We can now briefly compare Pires and Babad Jaka Tingkir to draw out the significance of variation in spacetimes. While both these sources claim authoritative knowledge about the presence of Muslims in Java, their portrayals vary radically based on matters such as authorial background, purpose, and the desired effect on the presumed audience. These matters pertain to the works’ underlying conditions of possibility, which can, in turn, be seen to reflect the authors’ social and intellectual investments at the level of foundational cosmology. In Pires’s account, the story of Muslims in Java (and other places in Asia he visits) are a continuation of what he knows about Iberia. Muslims are Moors, wherever encountered, even though this term would likely mean little to the people he is describing. His narrative contains a kind of collapse between Java and Iberia that is, moreover, rooted in a temporal transposition.

In the Babad Jaka Tingkir, the account of Java is haunted not by the Iberian past but by the holy land in Arabia, to which symbolic buildings such as the Demak mosque must orient. But a foundational change in Java in this case affects Arabia as well, a directionality implausible in Pires’s perspective. Moreover, in the Babad, the mosque in Demak is a signature event for the establishment of Islam in Java, connected to specific persons and marking a qualitative break in the progression of local time.

[W]hen we attempt to glean informational content from sources about the Islamic past, it is crucial to begin by attending to spacetime armatures that condition the voices we read. Data about Islam cannot be treated as a single repository that may yield simple points of reference from which to make comparisons.

Pires’s account is devoid of a moment of origination and portrays the presence of Muslims as a gradually accumulating affair characterized by indigenization. The sense of a new beginning in the Babad renders Javanese Muslims into an exceptional community. Pires’s description is not invested in a clear division and portrays local Muslims and non-Muslims as adhering to the same cultural mores. This list of differences can be made much longer.
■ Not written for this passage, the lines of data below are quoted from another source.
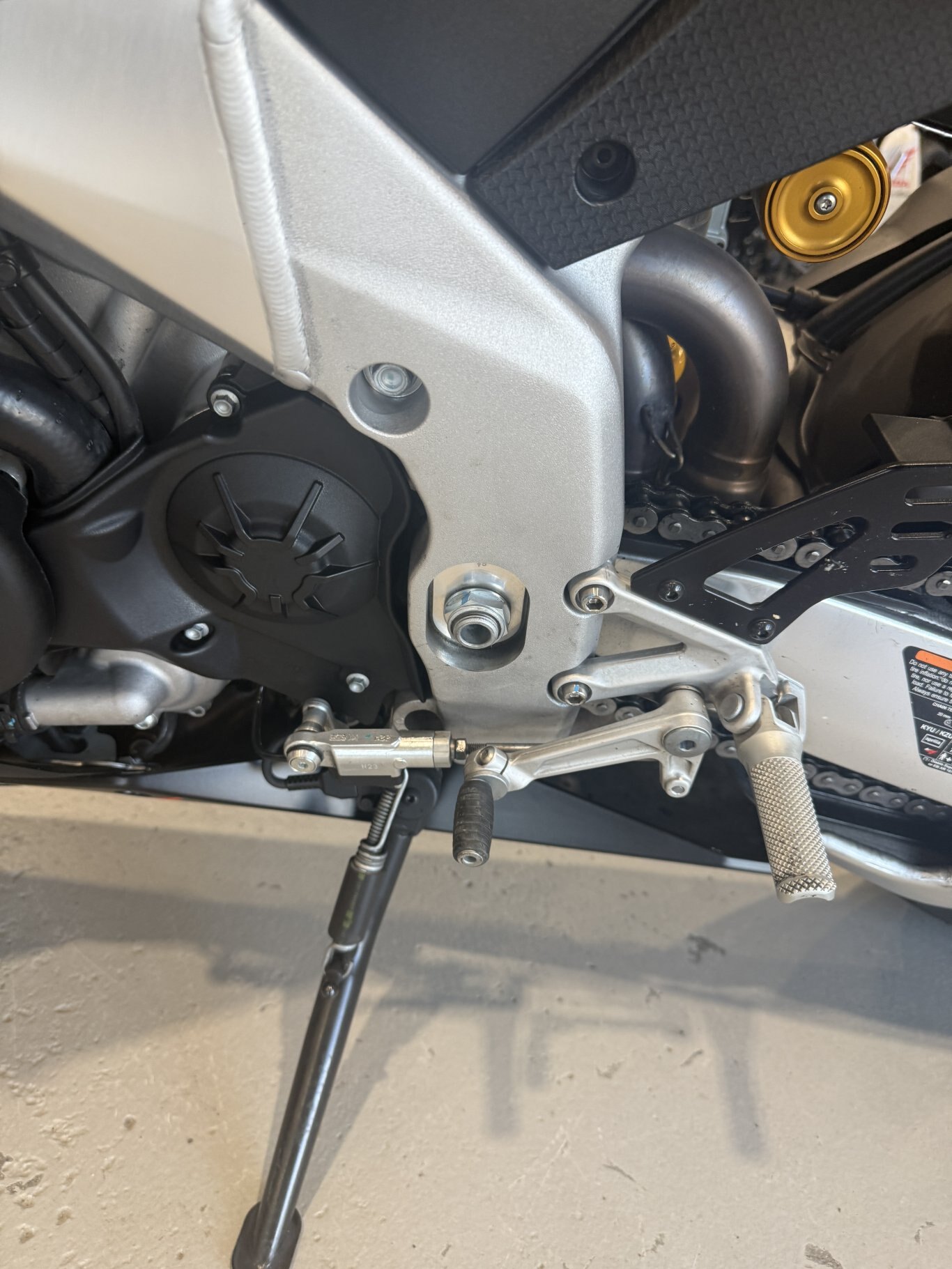 2024 Aprilia RSV4 Factory 1100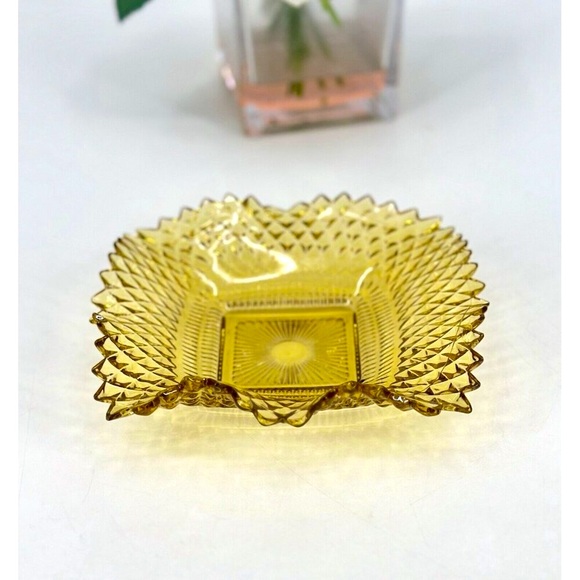 Vintage Amber Cut Glass Candy Dish Trinket Dish Ashtray Square Scalloped Edge - Picture 8 of 9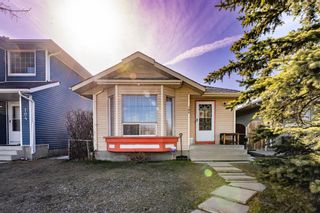 Photo 2: 108 Martinwood Way NE in Calgary: Martindale Detached for sale : MLS®# A2125396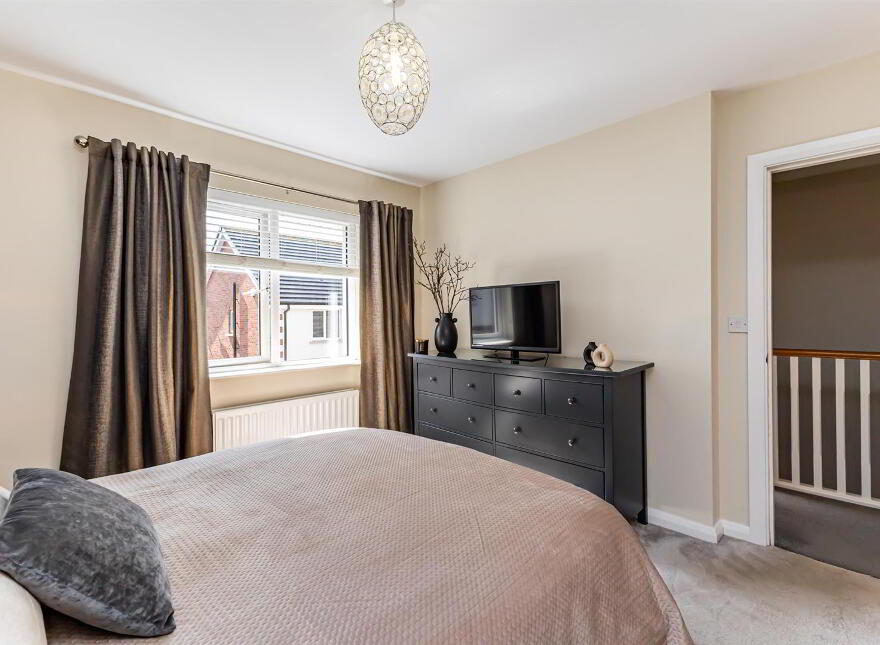 6 Hillview, Moneyreagh, BT23 6EZ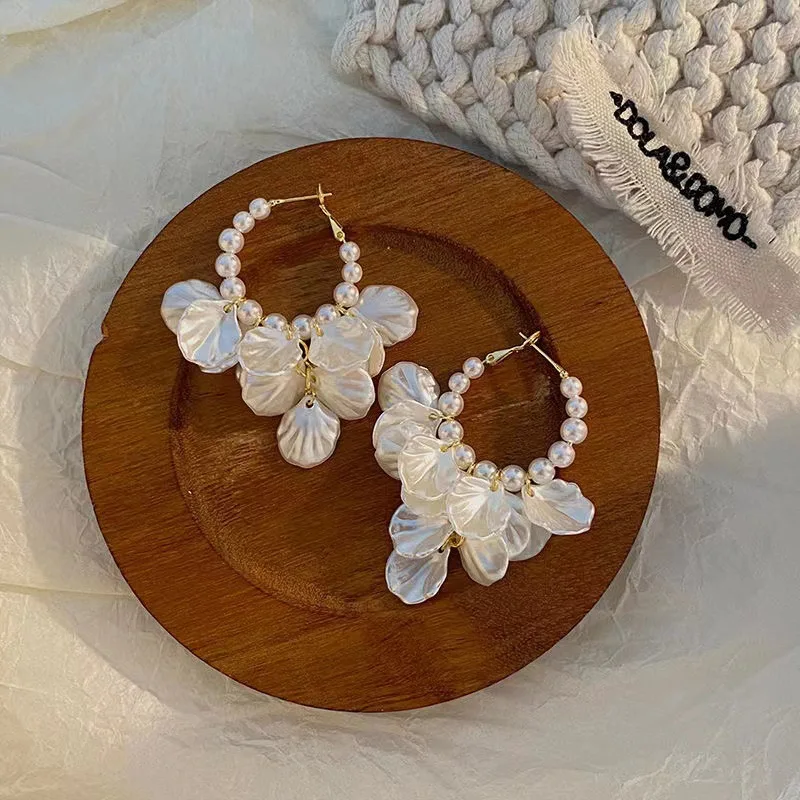 French Style Retro White Tassel Shell Petal Flower Pearl Beaded Hoop Earrings For Women Elegant Wedding Flower Party Jewelry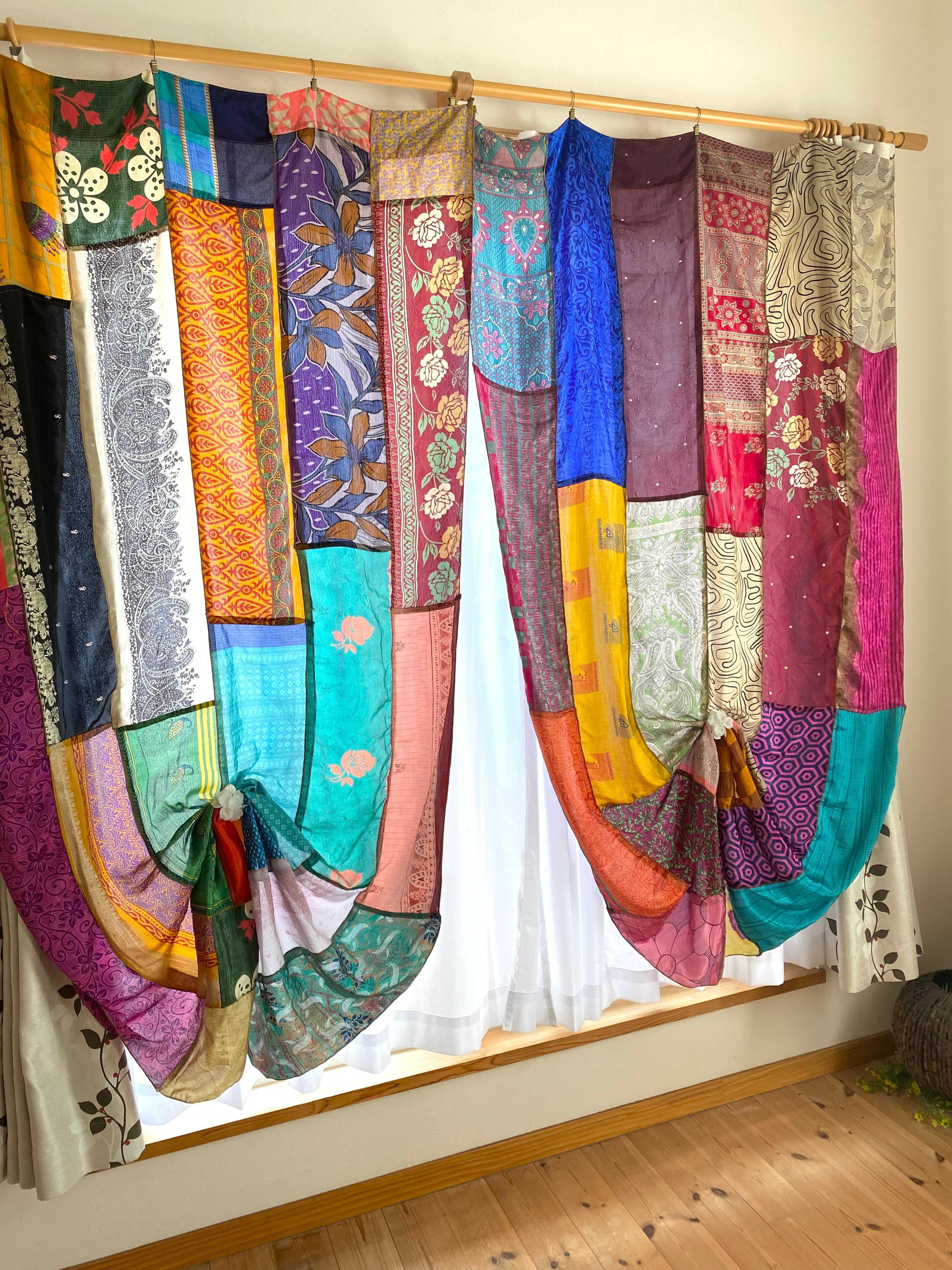 おしゃれカーテン透かし彫り星柄遮光カーテン2枚組100*178CM4 Amazon｜LEKING カーテン 星柄 透かし彫り 装飾 夢 両開き 二重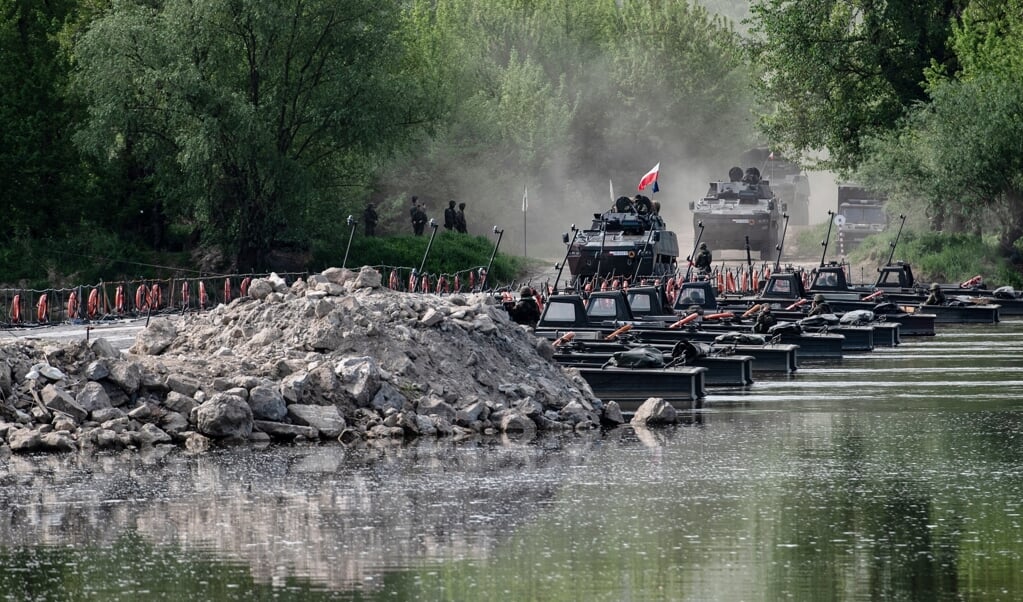 Militairen van de NAVO en geallieerde landen oefenen bij de rivier de Vistula in Polen. Poetin wilde de NAVO op afstand houden, maar die komt nu juist dichterbij.  (beeld epa / Wojtek Jargilo)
These examples indicate that when we attempt to glean informational content from sources about the Islamic past, it is crucial to begin by attending to spacetime armatures that condition the voices we read. Data about Islam cannot be treated as a single repository that may yield simple points of reference from which to make comparisons. Indeed, one might say that comparing Pires and Babad Jaka Tingkir to try to get to the origins of Islam in Java may be a misguided exercise.

These two sources’ radically different spacetime presumptions preclude any easy triangulation aimed at deriving a single, amalgamated story about Islamic beginnings in Java. Such a method requires discarding crucial aspects of the two narratives since they are nonsensical in each other’s terms. For example, Pires’s notes on the Javanese’s character traits are crucial for us to understand him but are meaningless in the Babad’s perspective. Similarly, the story of the recalcitrant mosque is irrelevant in Pires’s framework.

Once we become attentive to spacetime differences, the most efficacious approach to sources of the type I have discussed is to treat them as embodying independent streams of time. Such streams may intersect, but they are best evaluated through sensitivity to their internal presumptions rather than trying to get to basic common denominators. Differences of constitution between the sources is an absolute limit to our ability to know, although noting this is very far from proclaiming a historiographical failure. A sense of futility at this juncture follows only if we remain invested in a timeline model of Islamic history in which sources must feed into a unilinear model of the past. In the web model I am proposing, Pires, Babad Jaka Tingkir, and other sources embody spatiotemporal constructs whose variance is a major resource for creating ever richer accounts of the past.